◆ **How to complete this task**:
From the line that contains "Счёт 16 в бухгалтерском" to the last line of the data below, transcribe every line exactly. Do not include the pictures.

◆ **Record excerpts**:
-- -- --

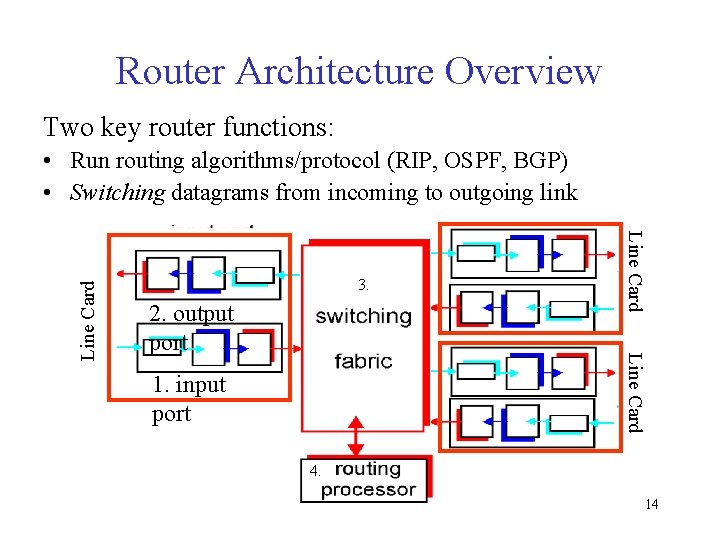 Router Architecture Overview Two key router functions: 3. Line Card 2. output port Line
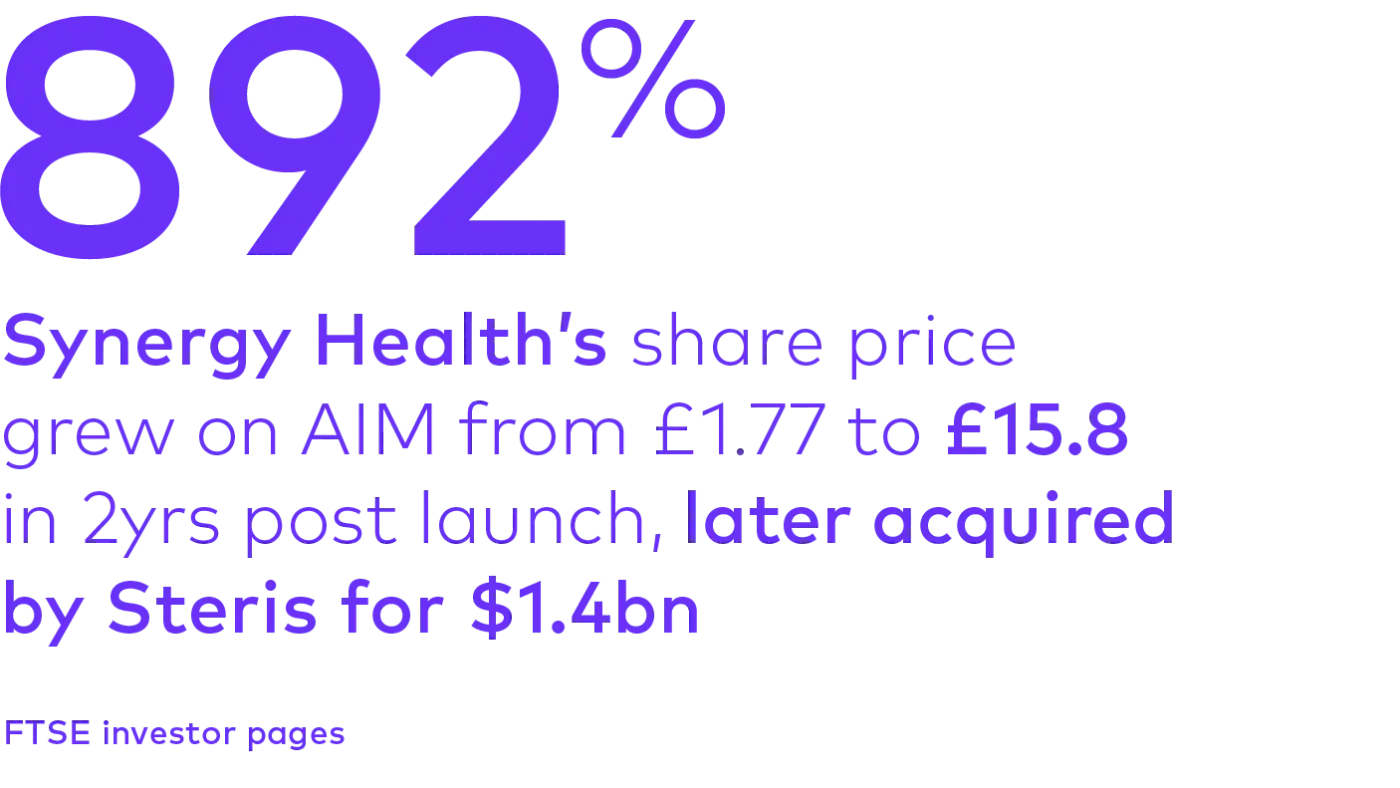 Synergy Health 894% share price growth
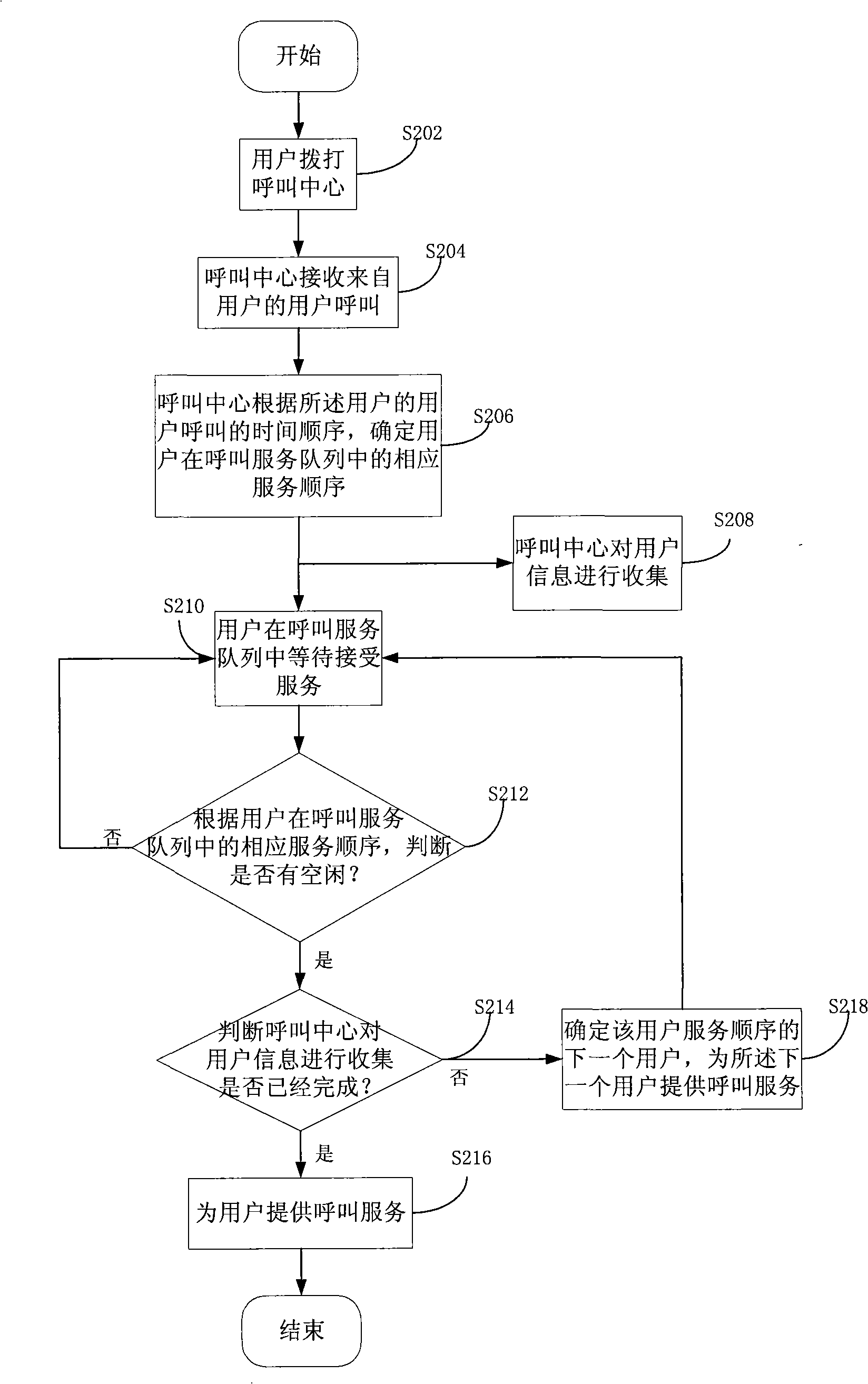 Method for providing call service by call centre, call service system and server
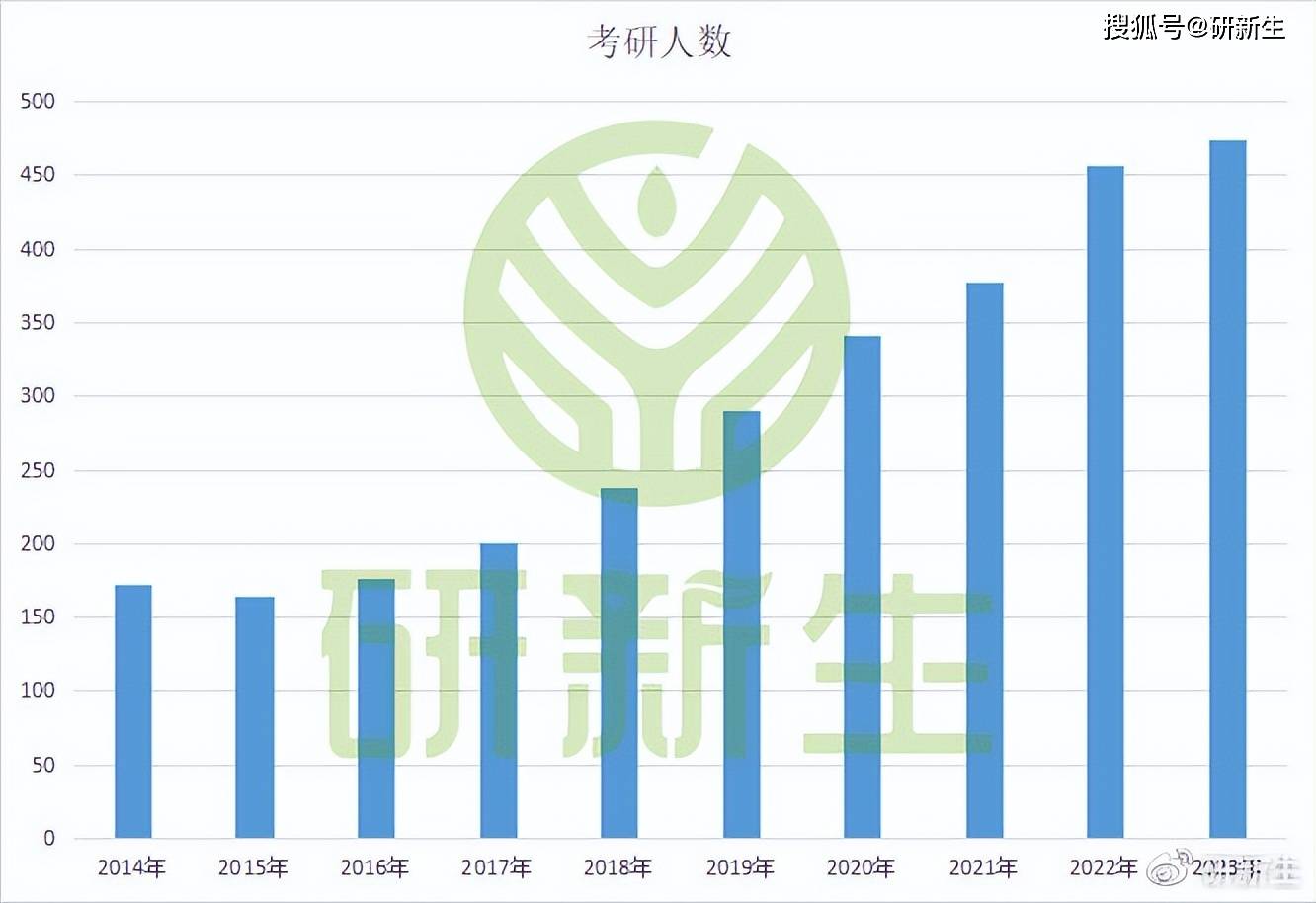 利鹏达化工 第73页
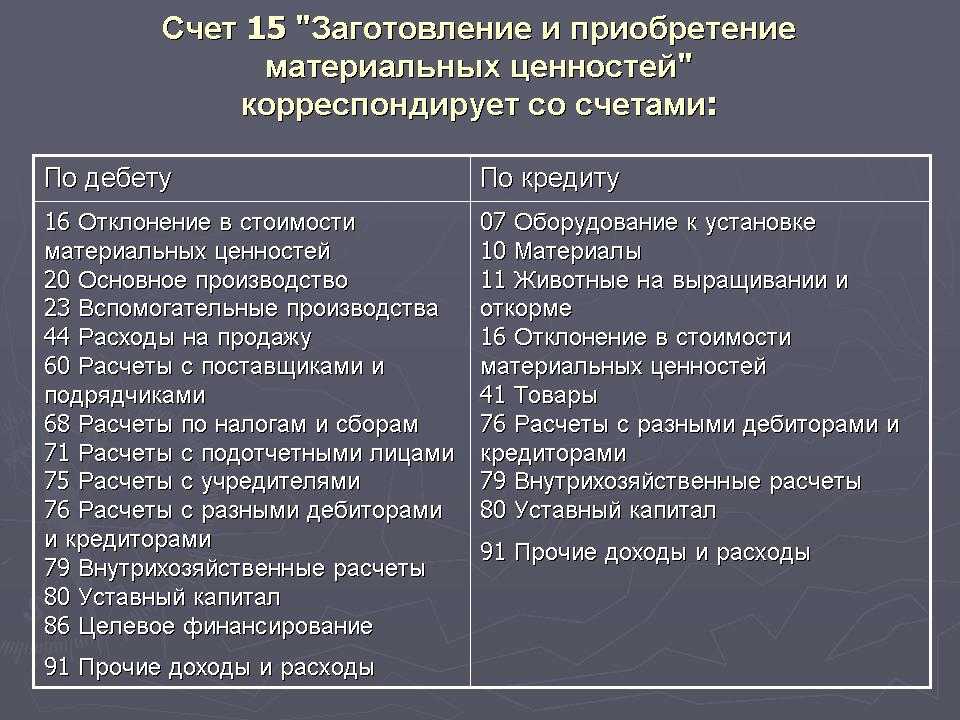 Счёт 16 в бухгалтерском учёте «отклонение в стоимости материальных ценностей»: что отражает, проводки и примеры — «моё дело»
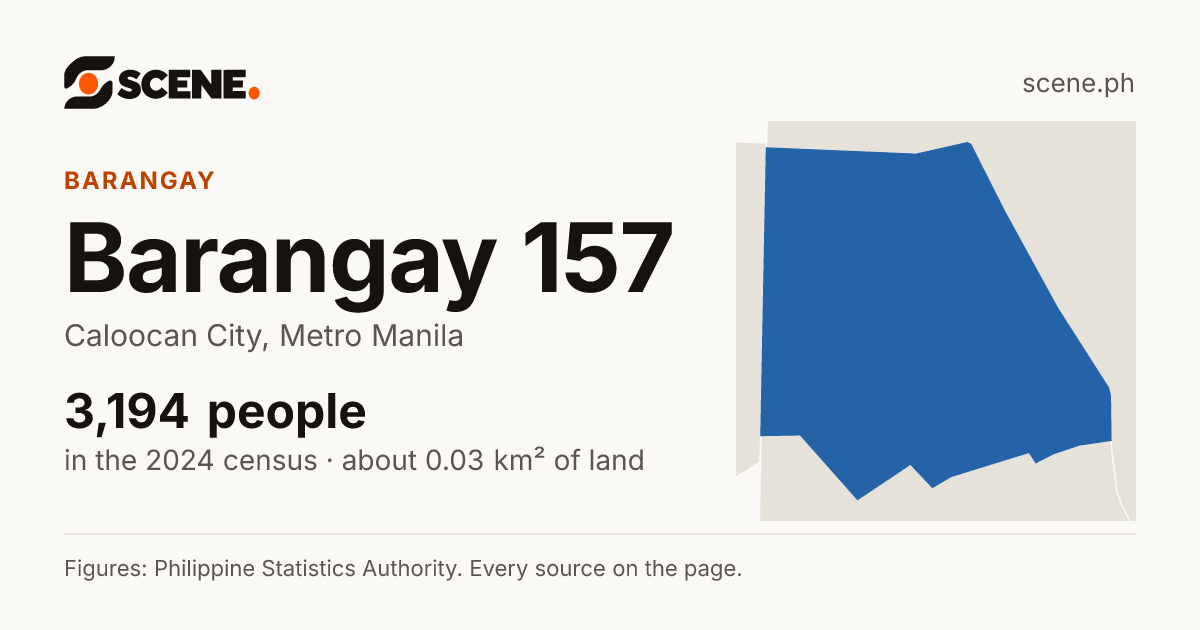Barangay 157, Caloocan City, barangay: 3,194 people in the 2024 census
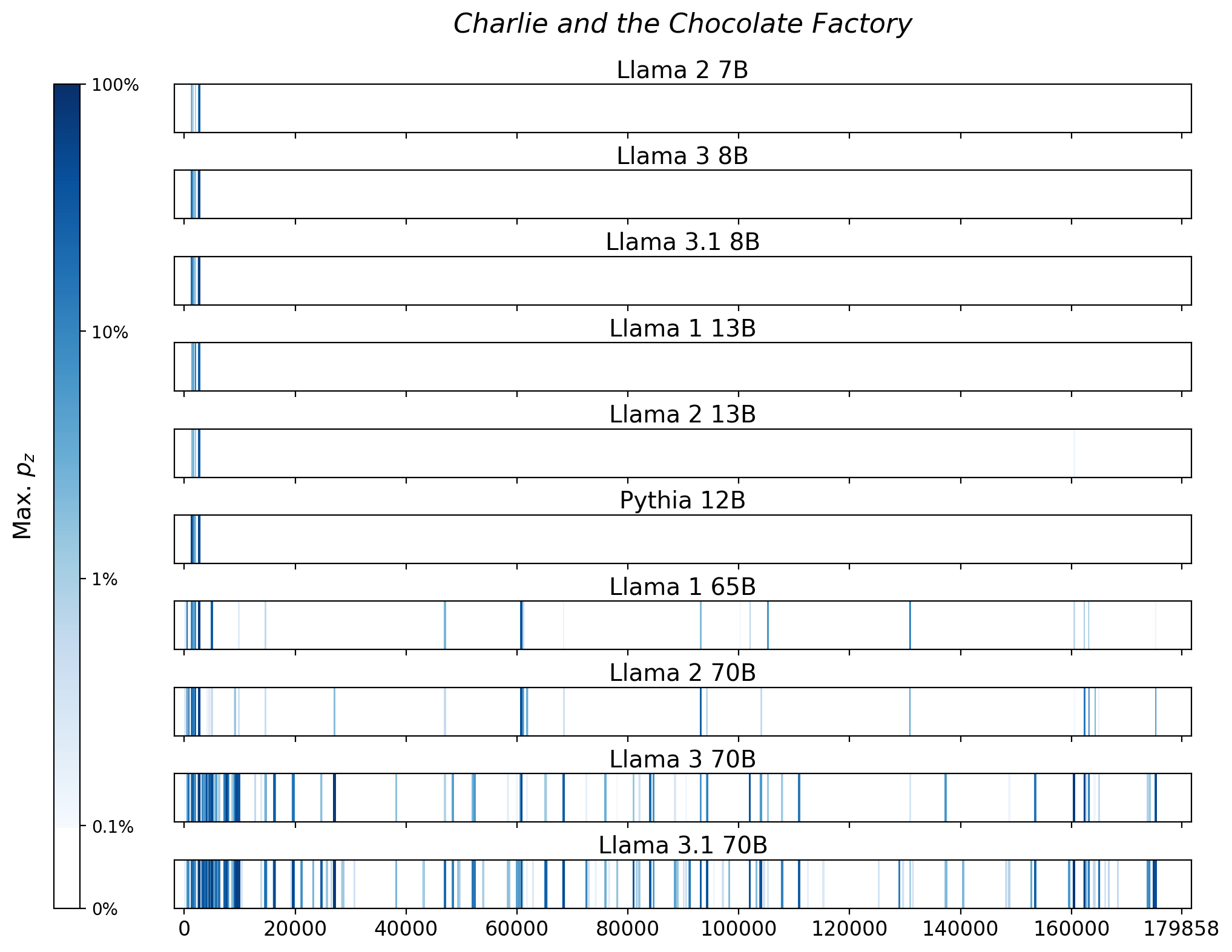 Memorization heatmaps for Charlie and the Chocolate Factory, one per model for the 10 models trained on Books3 (one row each). Each heatmap plots the maximum extraction probability at each character in the book, where the maximum is taken over all 50-token suffixes that span that character. Color is on a log scale, with white indicating no extraction, pale indicating low extraction probability, and dark meaning a high extraction probability. The horizontal axis is character position in the book.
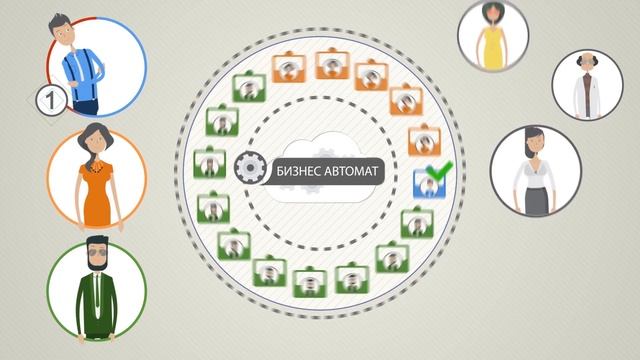 Business Machine presentation ru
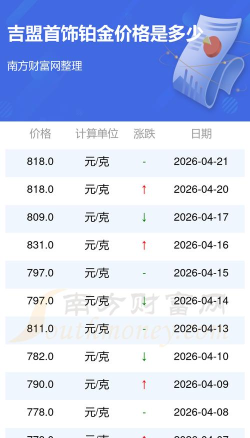 2026年05月17日吉盟珠宝铂金最新价格多少元一克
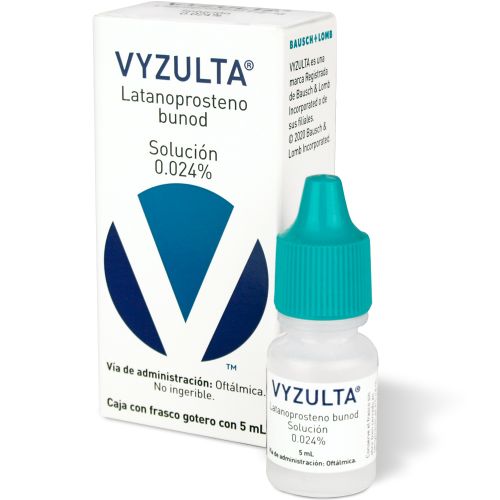 VYZULTA (5ML) Global Institute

-- -- --

◆ **Response**:
 Счёт 16 в бухгалтерском учёте «отклонение в стоимости материальных ценностей»: что отражает, проводки и примеры — «моё дело»
Barangay 157, Caloocan City, barangay: 3,194 people in the 2024 census
 Memorization heatmaps for Charlie and the Chocolate Factory, one per model for the 10 models trained on Books3 (one row each). Each heatmap plots the maximum extraction probability at each character in the book, where the maximum is taken over all 50-token suffixes that span that character. Color is on a log scale, with white indicating no extraction, pale indicating low extraction probability, and dark meaning a high extraction probability. The horizontal axis is character position in the book.
 Business Machine presentation ru
 2026年05月17日吉盟珠宝铂金最新价格多少元一克
 VYZULTA (5ML) Global Institute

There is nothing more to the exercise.